James March explains that making a decision involves understanding alternatives, forming expectations about what’s likely to happen, thinking about your preferences in terms of your wants, fears, hopes, dreams in relation to those expectations, and then making a choice.

That explanation really resonates. So we’re going to use it here.

There’s an assumption that choice amongst alternatives is cut and dry. It isn’t.

Choice is a form of knowledge – specifically:

  • There are choices that you know you know.
  • There are choices that you know you don’t know about. 
  • And there are choices you know you don’t know.

Choices themselves aren’t even really binary. There’s significant ambiguity as to what a choice really means. How many times have you heard a statement in the form: “I thought we agreed on x, that we also agreed on y and z.” People having varying understandings of a choice is standard.

Discovering Alternatives

Analytics is a bit hamstrung on what we do and do not say. For instance, we wouldn’t say that just because a Featured Content Area didn’t generate a high clickthrough, that the entire unit should be replaced by a navigation bar. We could. It’s just that you need evidence for the alternative choice. 

Analysts make very factual statements about what is, and really fight the good fight on explaining why something happened.

Analytics really hasn’t turned attention to the discovery of alternative choices. I believe that analysts are really well equipped to methodologically engage in alternative discovery, if they could keep themselves from forming expectations so prematurely.

Expectations

Expectations make alternative discovery look like a trivial problem.

The most obvious predictive analytical method is the plotting of a regression line and projecting it into the future.

To unpack that:

  • We build a dataset containing observations about the past and past performance.
  • We use a statistical or machine learning process to identify the line that best fits the past performance.
  • We take that equation for the line and project it into the future.

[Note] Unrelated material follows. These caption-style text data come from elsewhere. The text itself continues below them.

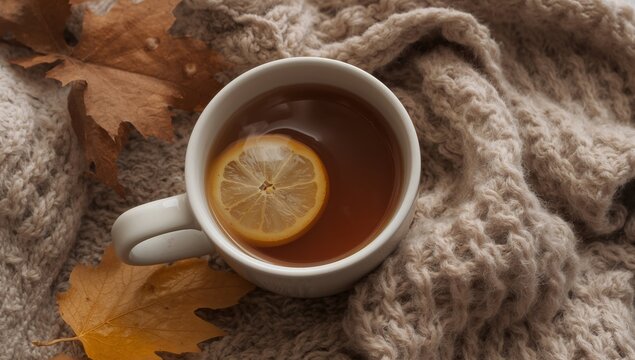Warmth in Beige Hues. A Cup of Tea with Lemon on a Cozy Knitted Blanket.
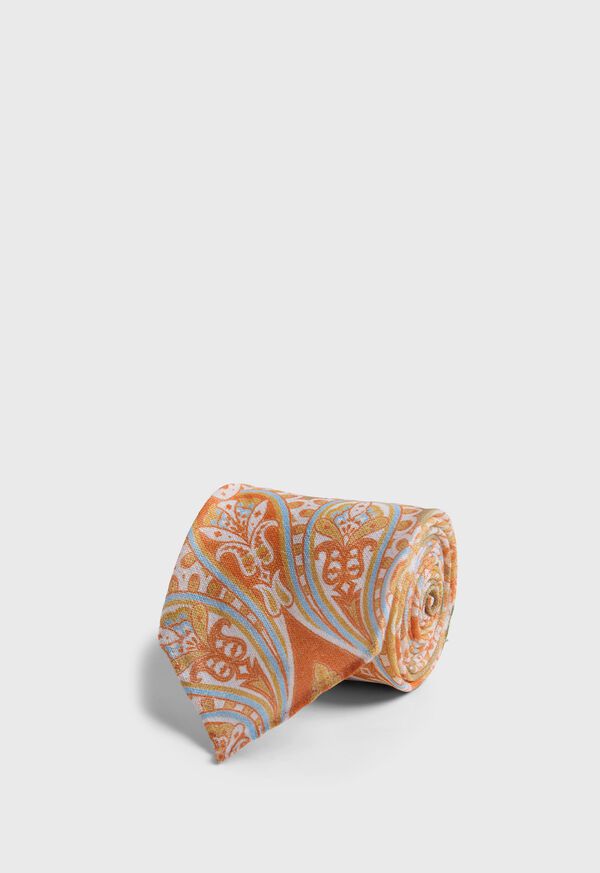 Paul Stuart Printed Linen Paisley Tie, image 1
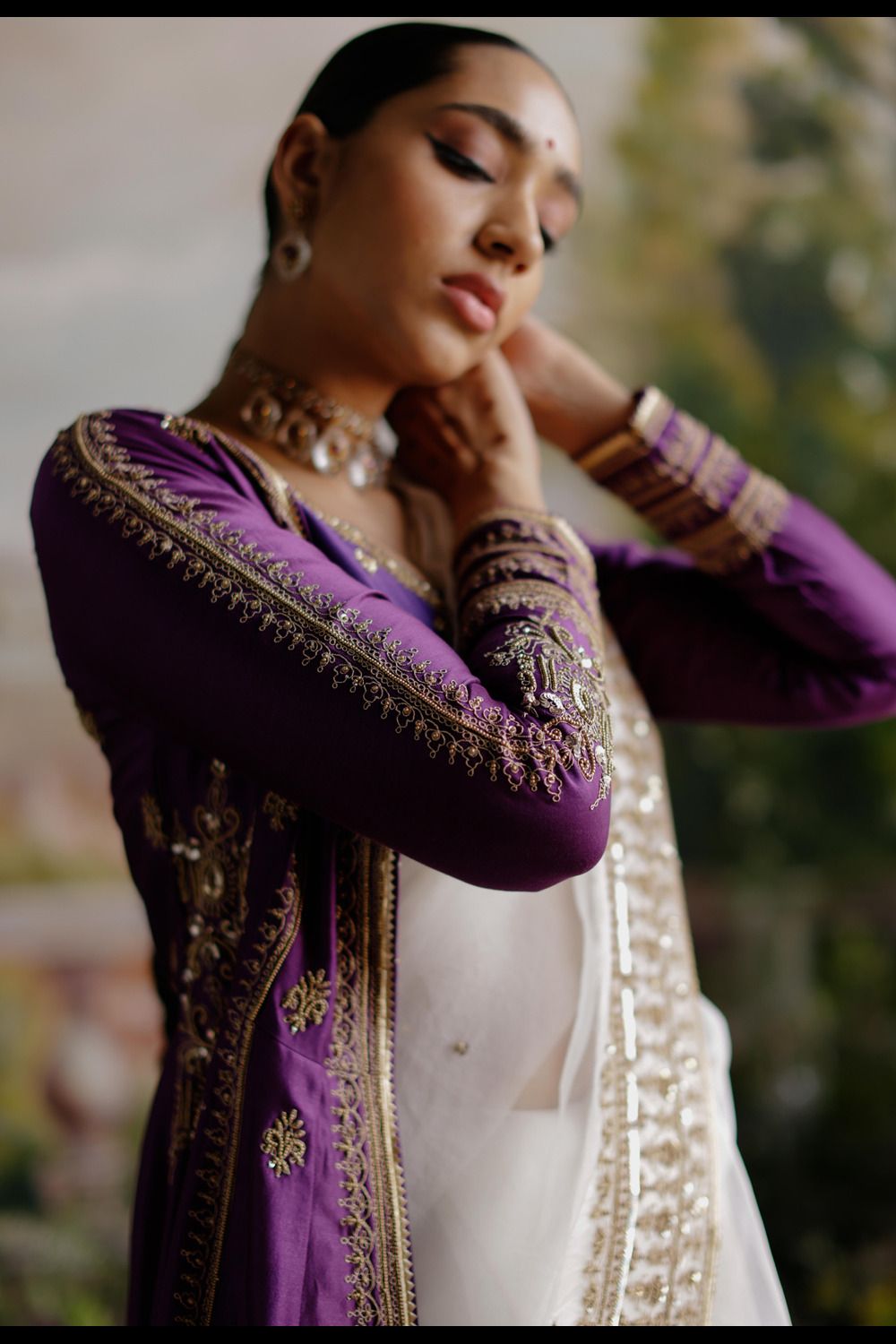 Off White Saree With Purple Jacket Set - Auraya Fashion 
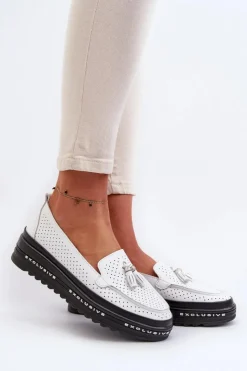 Best Evento Skórzane Mokasyny Damskie Na Platformie Białe Assetnima Biały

That method of forecasting the future assumes that past performance will continue. That trends continue. That history repeats.

Forecasting is not destiny.

Predictive Analytics

The bucket we call predictive analytics has many applications. In the context of supporting decisions, the field has a long way to go in terms of helping people understand their expectations in relation to choice and alternatives.

Existing theoretical frameworks assume too much, and demand too much cognition by the end user.

It shouldn’t just be waved away.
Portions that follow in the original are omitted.